Well, I think we knew this already, but here’s more on the negative correlation between terrorism and poverty or lack of education:
The Pew Research Center’s Global Attitudes Project conducted public opinion surveys in February 2004 in Jordan, Morocco, Pakistan, and Turkey, involving about 1,000 respondents in each country. One of the questions asked was, “What about suicide bombing carried out against Americans and other Westerners in Iraq? Do you personally believe that this is justifiable or not justifiable?” Pew kindly provided me with tabulations of these data by respondents’ personal characteristics.
The clear finding was that people with a higher level of education are in general more likely to say that suicide attacks against Westerners in Iraq are justified. I have also broken this pattern down by income level. There is no indication that people with higher incomes are less likely to say that suicide-bombing attacks are justified…

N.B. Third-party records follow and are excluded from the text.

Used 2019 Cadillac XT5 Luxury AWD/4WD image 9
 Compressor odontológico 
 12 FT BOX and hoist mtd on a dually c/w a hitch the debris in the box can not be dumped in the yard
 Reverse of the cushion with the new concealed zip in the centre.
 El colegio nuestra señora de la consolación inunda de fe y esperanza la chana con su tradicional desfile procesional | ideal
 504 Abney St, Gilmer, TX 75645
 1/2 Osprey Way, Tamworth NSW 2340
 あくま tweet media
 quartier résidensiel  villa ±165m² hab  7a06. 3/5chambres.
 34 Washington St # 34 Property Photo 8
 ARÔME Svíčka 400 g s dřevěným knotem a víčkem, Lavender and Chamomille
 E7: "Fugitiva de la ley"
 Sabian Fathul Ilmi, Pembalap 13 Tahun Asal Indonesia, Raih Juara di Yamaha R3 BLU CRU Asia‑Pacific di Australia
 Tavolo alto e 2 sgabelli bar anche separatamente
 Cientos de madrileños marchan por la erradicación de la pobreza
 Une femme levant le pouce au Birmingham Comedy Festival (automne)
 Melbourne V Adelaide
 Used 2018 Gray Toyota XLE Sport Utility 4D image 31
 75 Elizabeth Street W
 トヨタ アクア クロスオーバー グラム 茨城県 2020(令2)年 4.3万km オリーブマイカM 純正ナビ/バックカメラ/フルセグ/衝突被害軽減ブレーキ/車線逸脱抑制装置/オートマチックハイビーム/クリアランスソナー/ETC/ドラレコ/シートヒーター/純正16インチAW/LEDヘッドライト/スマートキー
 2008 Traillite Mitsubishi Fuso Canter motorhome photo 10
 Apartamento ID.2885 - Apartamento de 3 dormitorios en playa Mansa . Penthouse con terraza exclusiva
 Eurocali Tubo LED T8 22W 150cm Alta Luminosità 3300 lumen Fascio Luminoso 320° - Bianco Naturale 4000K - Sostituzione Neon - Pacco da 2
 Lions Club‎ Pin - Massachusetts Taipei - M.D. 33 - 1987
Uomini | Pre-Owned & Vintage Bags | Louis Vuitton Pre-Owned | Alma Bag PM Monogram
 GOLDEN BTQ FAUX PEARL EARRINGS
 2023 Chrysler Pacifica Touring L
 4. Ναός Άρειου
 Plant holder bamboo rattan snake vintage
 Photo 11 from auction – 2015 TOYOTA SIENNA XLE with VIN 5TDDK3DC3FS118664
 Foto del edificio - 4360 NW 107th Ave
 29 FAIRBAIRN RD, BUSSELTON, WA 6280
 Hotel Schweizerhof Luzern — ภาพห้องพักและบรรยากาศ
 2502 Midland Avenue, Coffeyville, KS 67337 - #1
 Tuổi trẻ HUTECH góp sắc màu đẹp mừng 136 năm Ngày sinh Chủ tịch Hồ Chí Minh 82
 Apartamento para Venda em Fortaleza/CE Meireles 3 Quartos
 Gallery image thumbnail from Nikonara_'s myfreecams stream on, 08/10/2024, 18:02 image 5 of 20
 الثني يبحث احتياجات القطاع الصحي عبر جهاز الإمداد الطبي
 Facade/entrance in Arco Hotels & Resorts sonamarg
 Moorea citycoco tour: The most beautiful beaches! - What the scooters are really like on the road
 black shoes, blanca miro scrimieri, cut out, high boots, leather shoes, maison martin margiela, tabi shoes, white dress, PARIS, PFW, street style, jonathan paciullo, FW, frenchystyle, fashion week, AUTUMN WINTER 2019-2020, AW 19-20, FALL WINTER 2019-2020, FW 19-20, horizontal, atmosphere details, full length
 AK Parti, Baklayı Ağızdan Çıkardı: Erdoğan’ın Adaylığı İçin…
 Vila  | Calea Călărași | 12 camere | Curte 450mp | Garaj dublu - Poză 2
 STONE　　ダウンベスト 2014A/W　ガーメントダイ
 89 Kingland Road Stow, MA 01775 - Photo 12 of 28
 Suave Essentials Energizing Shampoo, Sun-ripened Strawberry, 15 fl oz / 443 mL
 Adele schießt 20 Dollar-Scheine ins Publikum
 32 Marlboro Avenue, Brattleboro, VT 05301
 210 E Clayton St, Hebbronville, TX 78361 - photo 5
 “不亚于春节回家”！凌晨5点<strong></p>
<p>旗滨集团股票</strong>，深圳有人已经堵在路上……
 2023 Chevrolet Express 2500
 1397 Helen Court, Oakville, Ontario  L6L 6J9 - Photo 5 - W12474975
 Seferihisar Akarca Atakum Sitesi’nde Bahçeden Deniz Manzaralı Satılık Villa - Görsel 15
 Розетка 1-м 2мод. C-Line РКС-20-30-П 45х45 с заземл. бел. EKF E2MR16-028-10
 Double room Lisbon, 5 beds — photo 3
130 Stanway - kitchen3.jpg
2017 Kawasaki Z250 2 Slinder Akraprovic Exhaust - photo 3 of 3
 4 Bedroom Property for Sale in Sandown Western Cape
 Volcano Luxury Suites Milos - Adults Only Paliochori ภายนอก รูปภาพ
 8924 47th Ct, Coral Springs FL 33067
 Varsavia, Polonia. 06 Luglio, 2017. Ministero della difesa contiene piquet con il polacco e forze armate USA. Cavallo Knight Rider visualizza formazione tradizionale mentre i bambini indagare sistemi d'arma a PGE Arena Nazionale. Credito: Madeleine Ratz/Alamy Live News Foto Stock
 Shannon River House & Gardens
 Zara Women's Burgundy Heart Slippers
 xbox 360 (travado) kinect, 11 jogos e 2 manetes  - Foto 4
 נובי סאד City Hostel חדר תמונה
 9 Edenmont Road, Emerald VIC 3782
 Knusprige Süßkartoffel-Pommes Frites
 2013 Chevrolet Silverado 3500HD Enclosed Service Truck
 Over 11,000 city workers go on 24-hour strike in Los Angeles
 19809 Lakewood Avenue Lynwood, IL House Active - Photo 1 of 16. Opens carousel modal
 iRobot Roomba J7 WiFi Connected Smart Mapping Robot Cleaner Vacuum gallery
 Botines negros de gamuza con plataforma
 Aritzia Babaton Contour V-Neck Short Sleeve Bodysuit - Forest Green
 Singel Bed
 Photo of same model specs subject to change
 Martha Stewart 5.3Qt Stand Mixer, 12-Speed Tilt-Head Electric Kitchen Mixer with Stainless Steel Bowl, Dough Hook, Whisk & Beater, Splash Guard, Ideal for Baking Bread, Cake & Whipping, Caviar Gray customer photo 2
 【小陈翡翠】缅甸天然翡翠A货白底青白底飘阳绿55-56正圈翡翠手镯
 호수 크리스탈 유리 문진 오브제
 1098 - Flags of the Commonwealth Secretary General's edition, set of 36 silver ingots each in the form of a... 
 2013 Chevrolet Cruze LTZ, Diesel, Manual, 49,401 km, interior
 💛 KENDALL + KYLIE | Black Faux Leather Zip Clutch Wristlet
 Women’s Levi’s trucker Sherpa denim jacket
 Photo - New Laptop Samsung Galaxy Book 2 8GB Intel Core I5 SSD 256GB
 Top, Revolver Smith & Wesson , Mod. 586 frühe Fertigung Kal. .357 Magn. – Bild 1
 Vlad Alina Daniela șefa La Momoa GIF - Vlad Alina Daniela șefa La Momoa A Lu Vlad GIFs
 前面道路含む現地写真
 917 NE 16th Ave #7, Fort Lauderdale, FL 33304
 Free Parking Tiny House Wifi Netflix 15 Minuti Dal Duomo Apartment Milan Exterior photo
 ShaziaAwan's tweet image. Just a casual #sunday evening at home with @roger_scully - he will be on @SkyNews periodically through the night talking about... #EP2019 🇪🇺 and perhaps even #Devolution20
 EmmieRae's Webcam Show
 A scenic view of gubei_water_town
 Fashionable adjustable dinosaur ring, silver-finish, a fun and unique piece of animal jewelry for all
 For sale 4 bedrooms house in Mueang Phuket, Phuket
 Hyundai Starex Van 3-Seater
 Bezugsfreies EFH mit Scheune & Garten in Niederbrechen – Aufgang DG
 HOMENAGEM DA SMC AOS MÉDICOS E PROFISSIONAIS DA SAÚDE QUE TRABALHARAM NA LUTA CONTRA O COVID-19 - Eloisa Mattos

Public opinion is one thing; actual participation in terrorism is another. There is striking anecdotal evidence from Nasra Hassan, a United Nations relief worker in the West Bank and Gaza Strip who described interviews with 250 militants and their associates who were involved in the Palestinian cause in the late 1990s. Hassan concluded that “none of them were uneducated, desperately poor, simple-minded, or depressed. Many were middle class and, unless they were fugitives, held paying jobs. Two were the sons of millionaires.” […]
Marc Sageman, a forensic psychiatrist and former Central Intelligence Agency (CIA) case officer, has written a book titled Understanding Terror Networks. He found that a high proportion of members of al-Qaeda were college educated (close to 35 percent) and drawn from skilled professions (almost 45 percent). Research on members of the Israeli extremist group, Gush Emunim, that Malecková and I conducted, also pointed in the same direction. Perhaps most definitively, the Library of Congress produced a summary report for an advisory group to the CIA titled, “The Sociology and Psychology of Terrorism: Who Becomes a Terrorist and Why?” which also reached this conclusion—two years before 9/11.